== Brief ==
Pictures should be left out when the listing below is repeated word for word.

== Input data ==
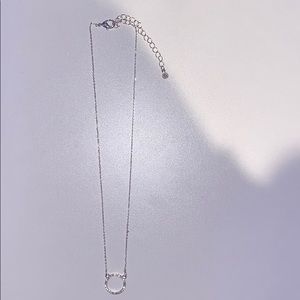 Circle pendant necklace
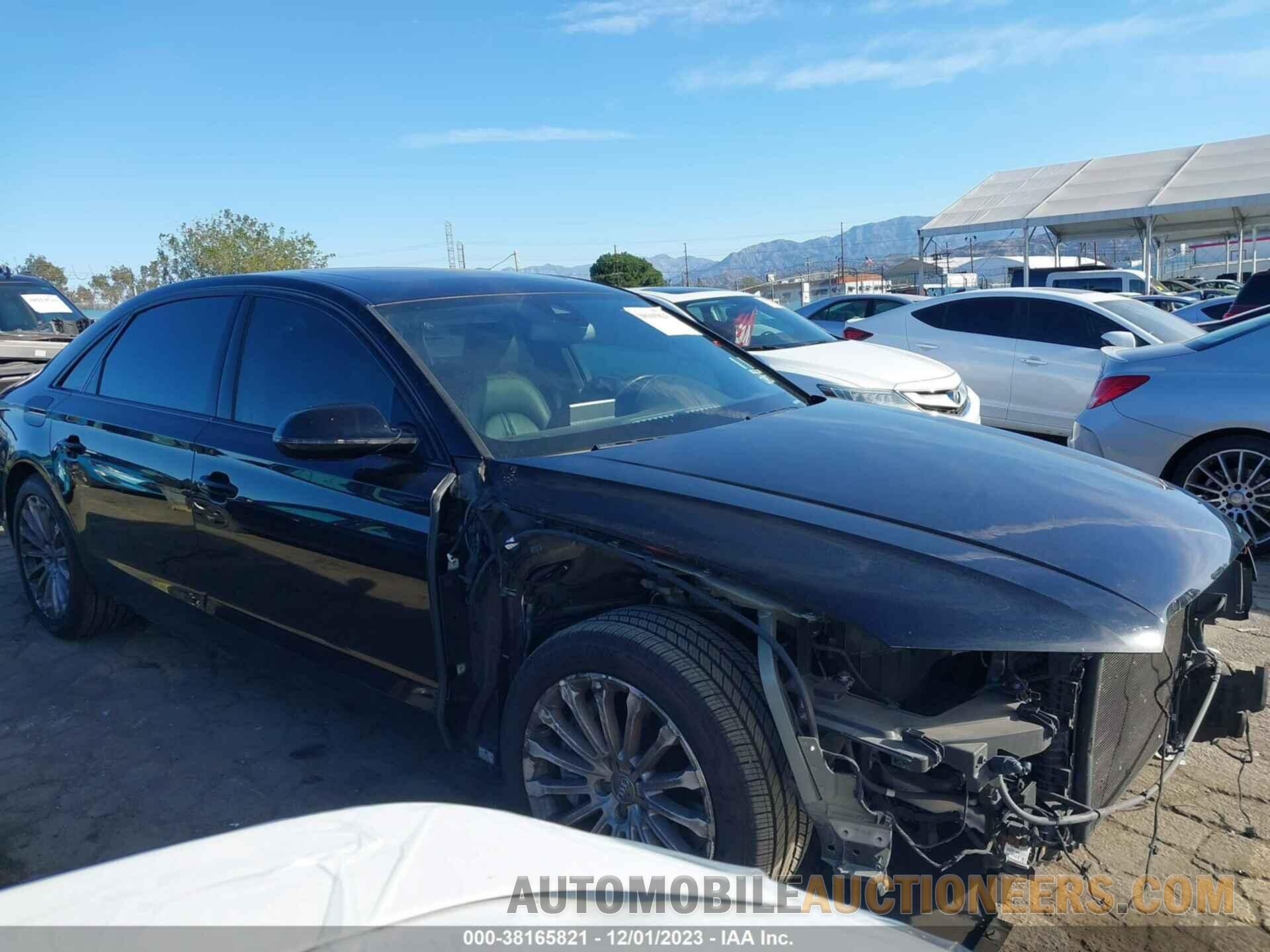 WAU3GAFD9FN020121 AUDI A8 L 2015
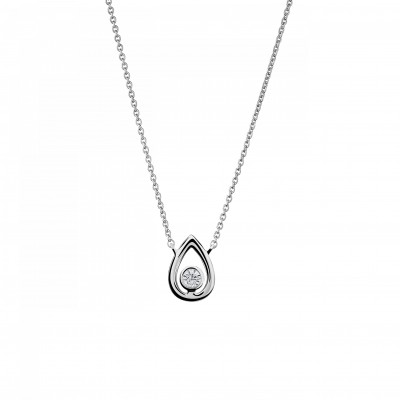 Orphelia® 'Ellie' Women's Sterling Silver Necklace - Silver ZK-7485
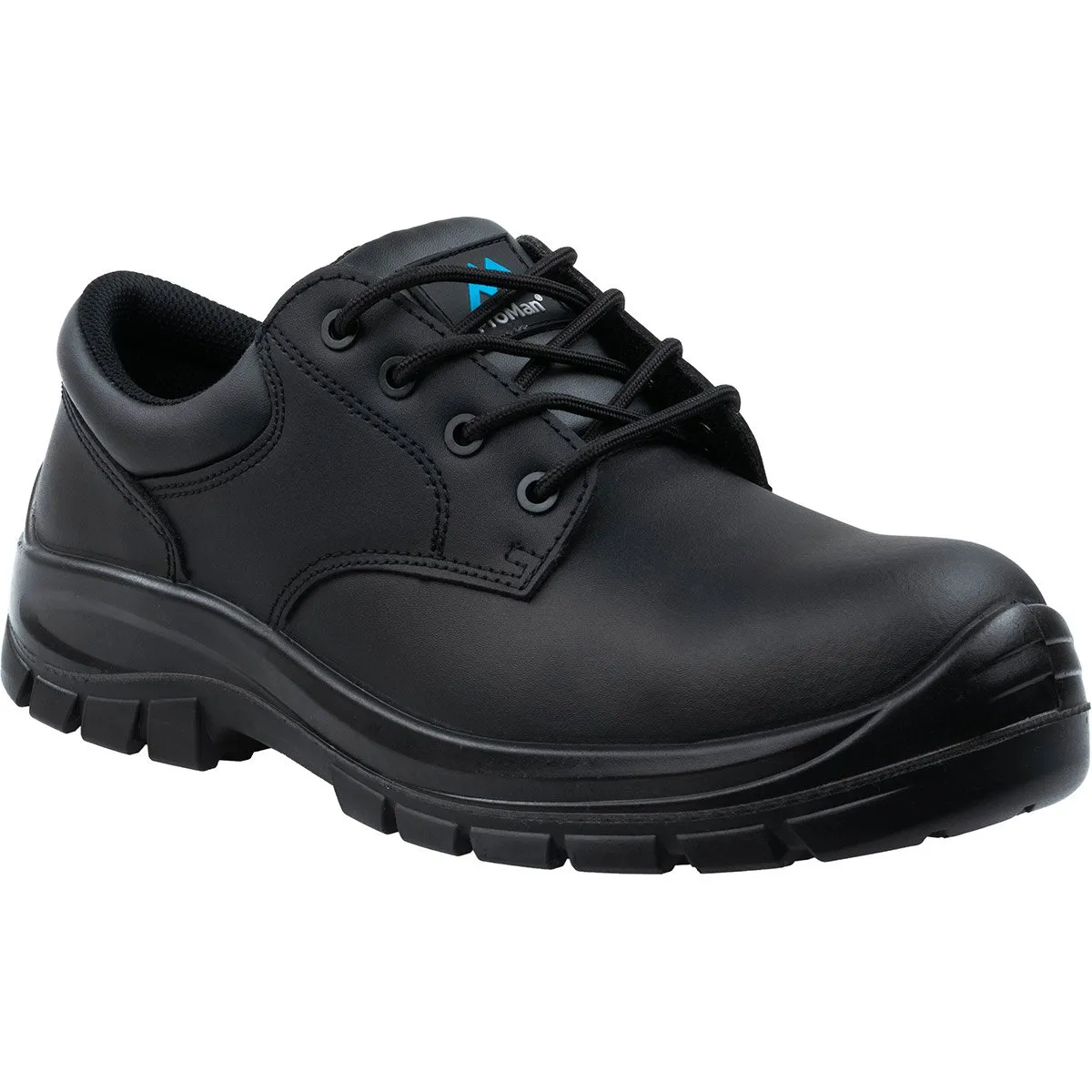 Rock Fall ProMan Austin Black Non-Metallic S3 Safety Shoes 16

== Response ==
 Circle pendant necklace
 WAU3GAFD9FN020121 AUDI A8 L 2015
 Orphelia® 'Ellie' Women's Sterling Silver Necklace - Silver ZK-7485
 Rock Fall ProMan Austin Black Non-Metallic S3 Safety Shoes 16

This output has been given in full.